The bank reported net income of $4.9 billion for the first quarter, after stripping out payments to preferred stockholders. That was down from $6.1 billion in the same period a year earlier.

On a per-share basis, the earnings amounted to $1.28. That was worse than estimates of analysts polled by FactSet, who had been expecting $1.39.

Revenue, after stripping out the effect of an accounting charge for credit losses, was $23.8 billion, down 8 per cent from $25.8 billion a year earlier.

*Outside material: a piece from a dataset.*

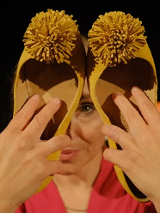 Kobieta trzyma w rękach dwa damskie buty z pomponami, zakrywa nimi część twarzy.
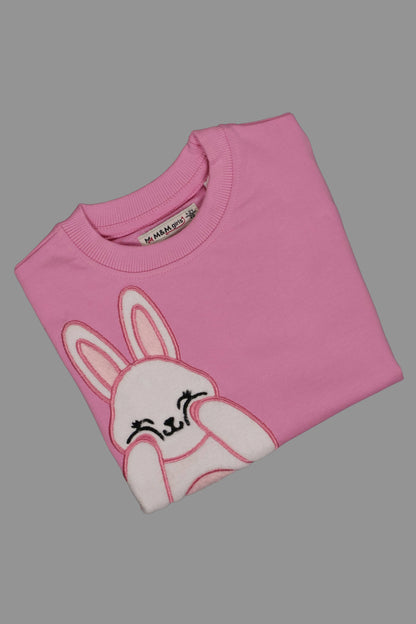 Pink t-shirt with a bunny design on a gray background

Revenues at the bank’s fixed income trading business, part of its investment banking unit, slumped 21 per cent to $3.8 billion. Jamie Dimon, JPMorgan’s CEO and Chairman, said that the business was still performing well given the market environment.

“I look at it as doing fine, it’s just not that predictable a business,” Dimon said. “There’s nothing wrong with that, you just have to deal with it over time.”


Mortgage business

The bank’s mortgage business continued to slow. The increase in bond yields since last summer has caused mortgage rates to rise, which in turn has slowed refinancing of home loans. Revenue at the bank’s mortgage unit was $1.6 billion, down $1.1 billion from the same period a year earlier. The bank said mortgage originations plunged 68 per cent to $6.7 billion, compared with the same period last year.

The bank doesn’t expect the trend to change anytime soon. Chief Financial Officer Marianne Lake told reporters on a conference call to “expect that trend to be relatively consistent.”

Expenses at the bank fell 5 per cent to $14.6 billion in the first quarter. JPMorgan said last month that it plans to eliminate 8,000 jobs this year as its mortgage business shrinks and it aims to control costs at branches.

Revenue from private banking rose 4 per cent to $1.5 billion and auto loan originations rose 3 per cent to $6.7 billion. Credit card sales volumes also grew.

Even though the bank had warned investors in February that trading revenues would be weak, the decline was still bigger than expected, said Jeff Morris, head of US equities at Standard Life Investments.

“These results underscore that JPMorgan is a well-managed bank, but they can’t decouple from the current economic and market environment,” Morris said in e-mailed comments.

JPMorgan fell $2.10, or 3.7 per cent, to close at $55.30 Friday. The bank’s stock has fallen 5.4 per cent this year following a 33 percent rise in 2013.